Enhanced Adsorption of Sulfate Radicals through CaO-Induced D-Band Electron Modulation on Transition Metals

The sulfate radical (SO4•-) generated in the heterogeneous persulfate catalyzed oxidation system can be released into the bulk solution or adsorbed on the catalyst surface. The oxidation capacity of the surface adsorbed SO4•- is relatively mild, but this also gives it a longer life cycle and a stronger ability to resist the environmental interference, giving it more potential for practical sewage treatment. However, to date, there is still a lack of effective strategies to regulate its existence state. Herein, a series of MOx-CaO (M = Cu, Co, Ni, etc.) catalysts were prepared by combining CaO with typical transition metal oxides for the purpose of activating peroxymonosulfate. Mechanistic investigations revealed that the strong electron coupling effect between CaO and Cu/Co significantly altered the electronic structure of the composite catalysts, causing a shift in the d-band center relative to the Fermi level.
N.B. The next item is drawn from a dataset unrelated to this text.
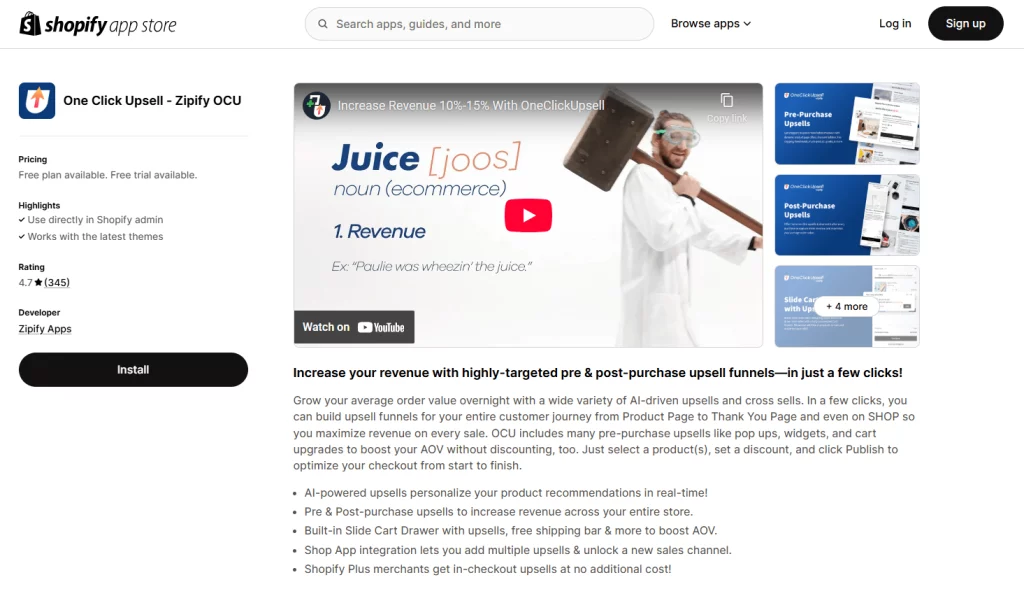 One Click Upsell ‑ Zipify OCU
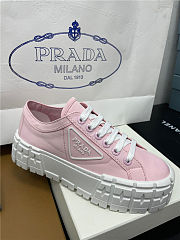 Prada Double Wheel Nylon Gabardine Sneakers Pink - 4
Specifically, compared to Co3O4-CaO (-2.401 eV), the d-band center of CuO-CaO (-1.870 eV) showed a more pronounced downward shift, significantly enhancing the chemisorption capacity for SO4•-. Additionally, the SO4•-adsorbed on the catalyst surface effectively avoids its accumulation in the reaction system and thus improves its utilization efficiency. This study affirms the viability of manipulating the adsorption characteristics of SO4•-onto the catalyst surface. Furthermore, it offers a pivotal strategy for modulating the adsorption dynamics of pertinent reactive oxygen species on the catalyst surface within heterogeneous persulfate reaction systems.